Sunday, July 19, 2015

Name Node


NameNode acts as the data manager between the requested client and content holder - DataNodes.

On start up, DataNodes send the block report to NameNode on every hour, along with the heartbeats on every 3 seconds.  NameNode keeps track of every data change.  At any given time, the NameNode has a complete view of all DataNodes in the cluster, their current health, and what blocks they have available.  File to block mapping on the NameNode is stored on disk.

NameNode does not directly send requests to DataNodes. It uses replies to heartbeats to send instructions to the DataNodes.  The instructions include commands to replicate blocks to other nodes, remove local block replicas, re-register and send an immediate block report, and shut down the node.  NameNode stores its filesystem metadata on local filesystem disks. 2 Key files are (1)FsiImage (2)EditsLog

FsiImage contains the complete snapshot of filesystem at iNode level.  iNode is an internal representation of a file or directory's metadata and contains such information as the file's replication level, modification and access times, access permissions, block size, and the blocks a file is made up of.  This design makes not to worry about the changing DataNodes' hostname or IP address.

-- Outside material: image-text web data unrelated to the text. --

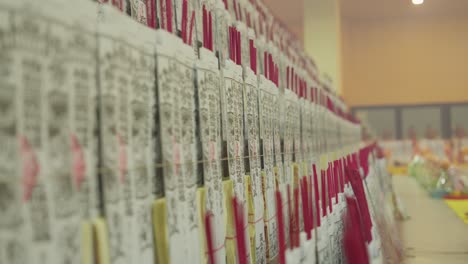 rows of ceremonial paper offerings in a temple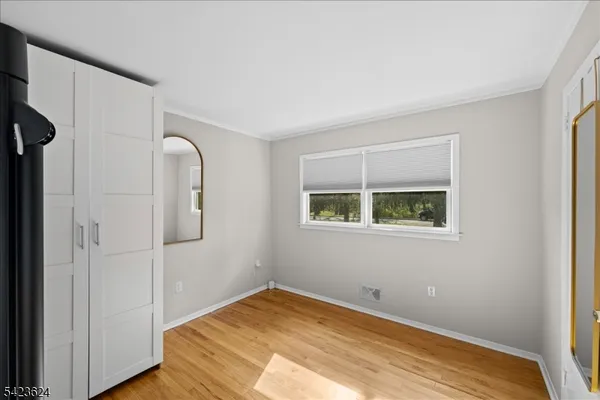 an empty room with window and wooden floor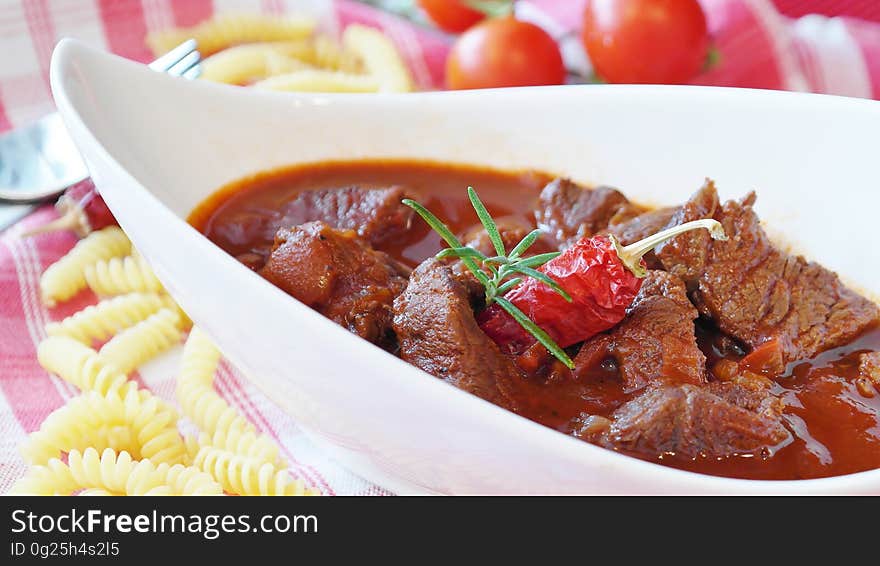 A bowl of beef stew with chili. A bowl of beef stew with chili.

Edits file (journal) contains only incremental modifications made to the metadata. It uses a write ahead log which reduces I/O operations to sequential, append-only operations, which avoids costly seek operations and yields better overall performance.

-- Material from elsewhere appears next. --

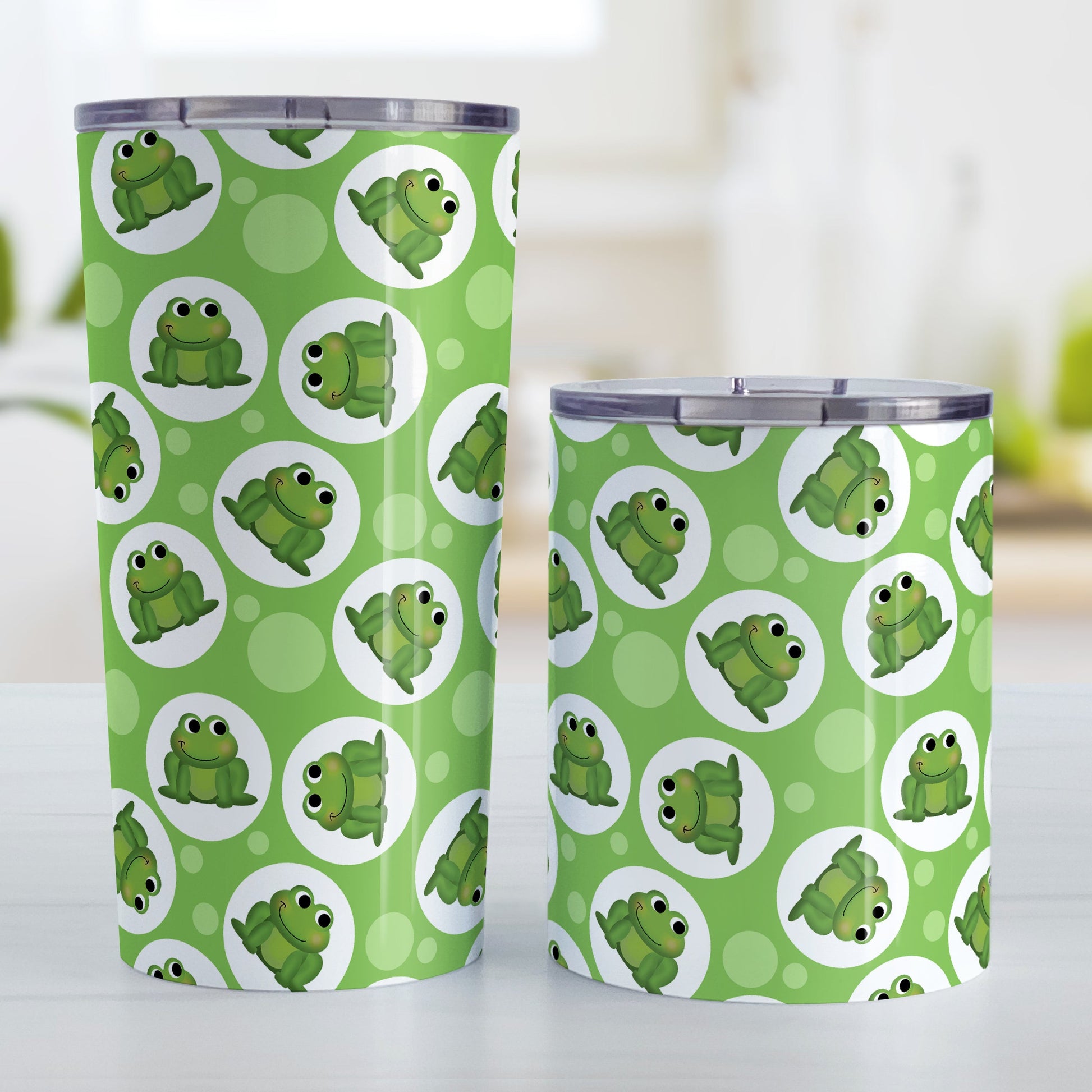Cute Green Frog Pattern Tumbler Cup (20oz and 10oz, stainless steel insulated) at Amy's Coffee Mugs. Tumbler cups designed with cute and smiling green frogs in white circles scattered over a green background color in a pattern that wraps around the cups. Photo shows both sized cups on a table next to each other.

On NameNode startup, the fsimage file is loaded into RAM and any changes in the edits file are replayed, bringing the in-memory view of the filesystem up to date.  NameNode filesystem metadata is served entirely from RAM. This makes it fast, but limits the amount of metadata a box can handle. Roughly 1 million blocks occupies roughly 1 GB of heap.

Thus, NameNode performs the filesystem operations in the highly distributed methodology for the Client request(s).